Sanihelp.it – Attualmente sull’ADHD non esistono dati definitivi, né in termini diagnostici, né eziologici, né tanto meno terapeutici. Esistono linee guida di diagnosi e trattamento, ma anche in queste è possibile riscontrare dubbi e problemi irrisolti.
Per quanto riguarda la patogenesi sono state avanzate ipotesi riguardanti un’ipofunzione di alcuni sistemi neurotrasmettitoriali in grado di condizionare la difficoltà dei bambini affetti di filtrare, secondo una scala di priorità, gli stimoli esterni, così come sono state ipotizzate alterazioni a livello di alcune proteine cerebrali, cause, o predisposizione, genetiche, e così via. Quindi, anche in ambito biologico le ipotesi non sono del tutto univoche e ciò può indurre lecitamente a sospettare che possa trattarsi di un disturbo a genesi multifattoriale.

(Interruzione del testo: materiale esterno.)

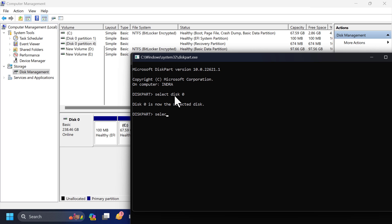Next, type select partition 4 and hit enter. Here 4 is the number of the recovery partition.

Anche i criteri di classificazione comunemente adottati presentano delle differenze, differenze che possono giustificare le discrepanze, talvolta notevoli, riguardanti la prevalenza del disturbo (ad esempio, negli USA questa è stimata in media al 4% adottando i criteri del DSM-IV, mentre in altri paesi che adottano criteri più restrittivi, tipo quelli dell’OMS – ICD 10 – tale percentuale scende all’1-2%) e questo suggerisce l’esistenza di un’eterogeneità anche nosografica.
Su di un altro versante si sono ipotizzati ruoli di fattori ambientali, quali aspetti socio-culturali, eventuali disequilibri nell’entourage scolastico, abusi familiari o persino uno stile di vita igienicamente non corretto condotto dalla madre durante la gravidanza (abuso di alcol o tabacco ecc.).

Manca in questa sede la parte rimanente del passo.